# [Exercise details]
A faithful copy is required. Print each line of the data exactly and omit the pictures.

# [Provided data]
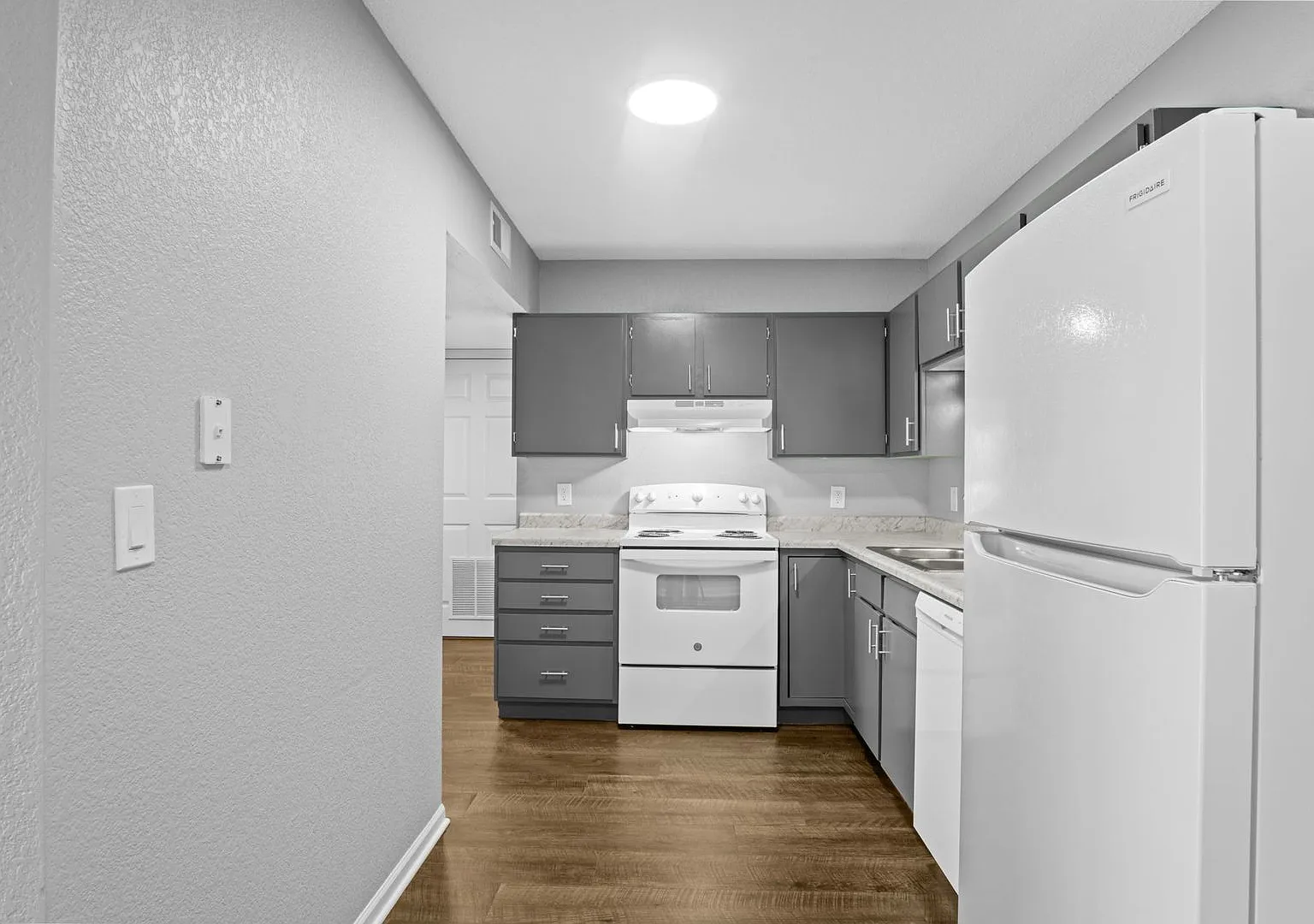 Callaway Villa Apartments — Photo 1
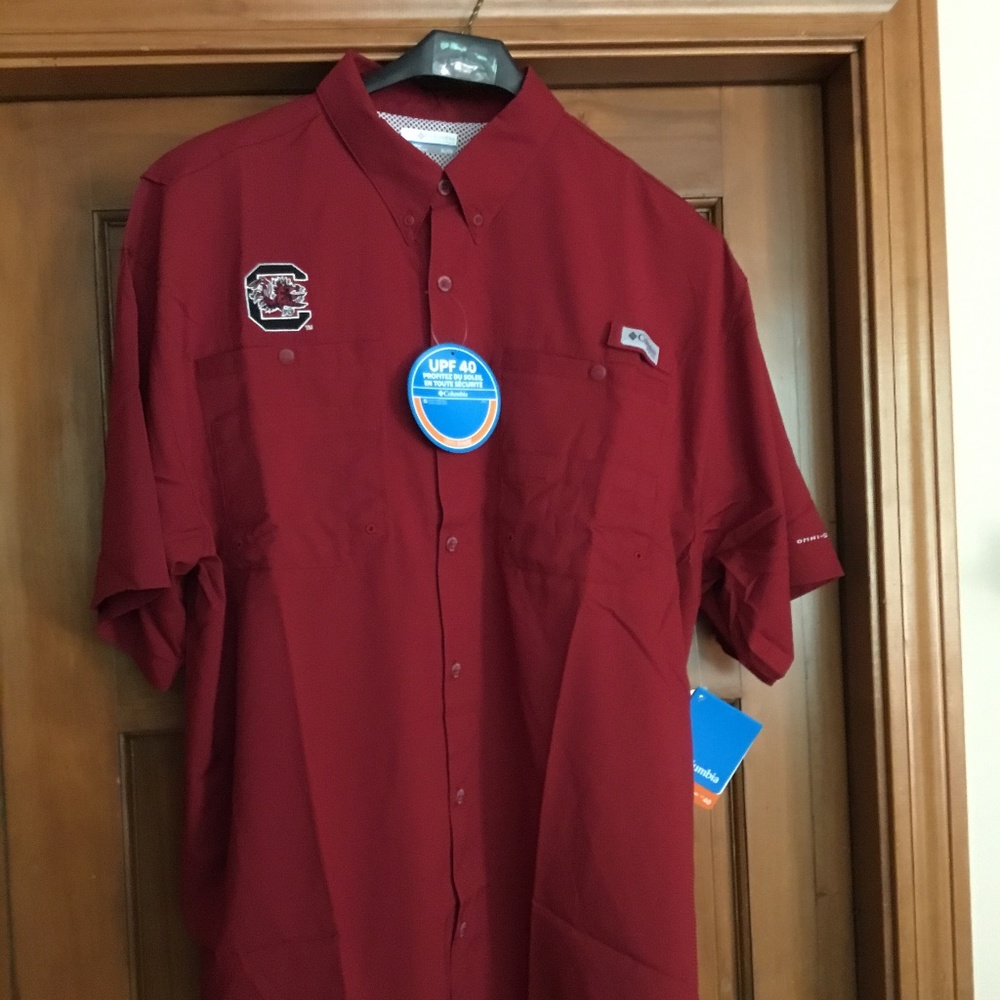 South Carolina Gamecocks NWT Mens XL Garnet Columbia PFG Fishing Short Sleeve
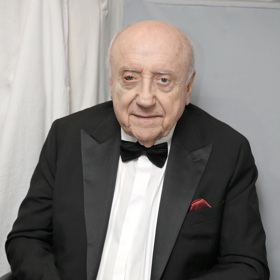 Felix Slováček má červené oko.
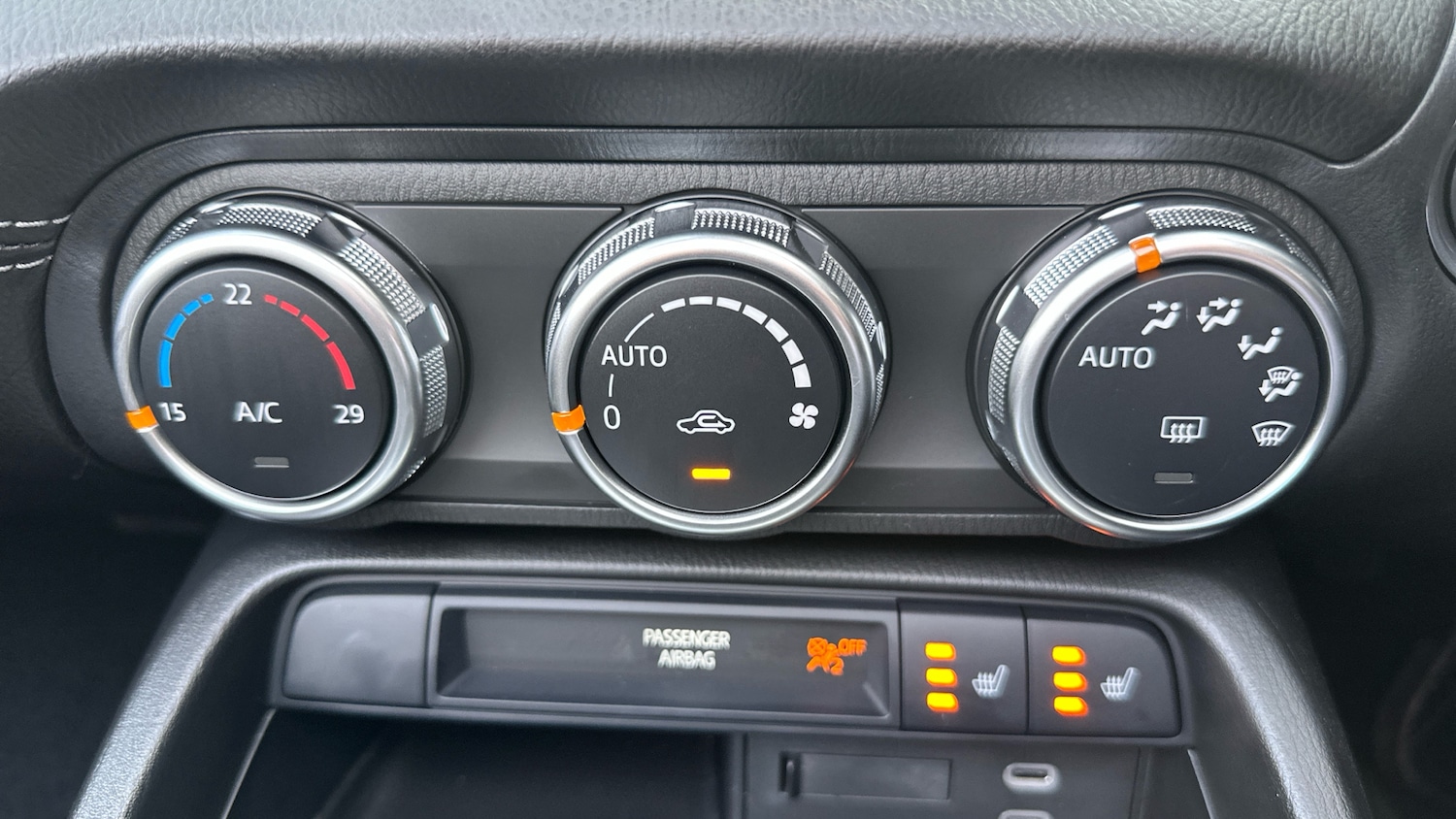 Used Mazda MX-5 2026 for sale - 77775000: Photo 34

# [Written reply]
 Callaway Villa Apartments — Photo 1
 South Carolina Gamecocks NWT Mens XL Garnet Columbia PFG Fishing Short Sleeve
 Felix Slováček má červené oko.
 Used Mazda MX-5 2026 for sale - 77775000: Photo 34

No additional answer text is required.